▶ [What is needed]
Would you retype the whole listing verbatim, keeping pictures out of it?

▶ [Supplied data]
★ ★ ★ ★ ★

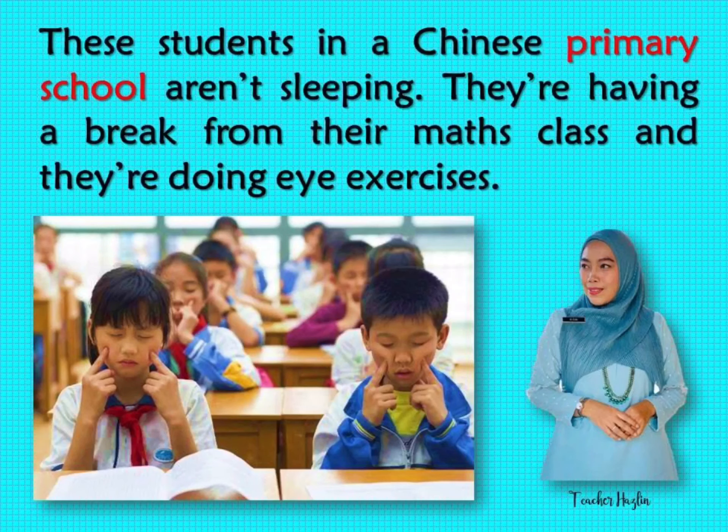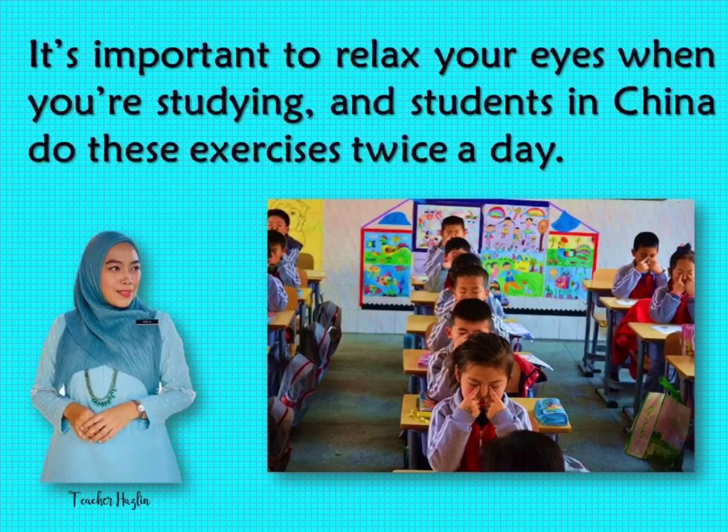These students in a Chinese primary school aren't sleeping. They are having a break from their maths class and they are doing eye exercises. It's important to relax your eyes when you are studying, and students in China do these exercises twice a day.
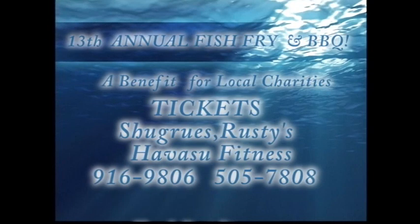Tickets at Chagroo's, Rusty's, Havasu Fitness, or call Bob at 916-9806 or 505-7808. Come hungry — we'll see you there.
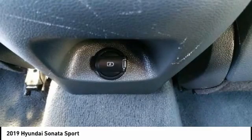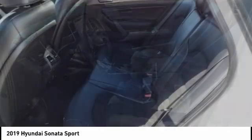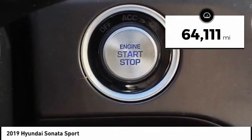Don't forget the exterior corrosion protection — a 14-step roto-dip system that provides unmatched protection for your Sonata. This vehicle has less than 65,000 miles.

★ ★ ★ ★ ★

▶ [Exercise result]
These students in a Chinese primary school aren't sleeping. They are having a break from their maths class and they are doing eye exercises. It's important to relax your eyes when you are studying, and students in China do these exercises twice a day.
Tickets at Chagroo's, Rusty's, Havasu Fitness, or call Bob at 916-9806 or 505-7808. Come hungry — we'll see you there.
Don't forget the exterior corrosion protection — a 14-step roto-dip system that provides unmatched protection for your Sonata. This vehicle has less than 65,000 miles.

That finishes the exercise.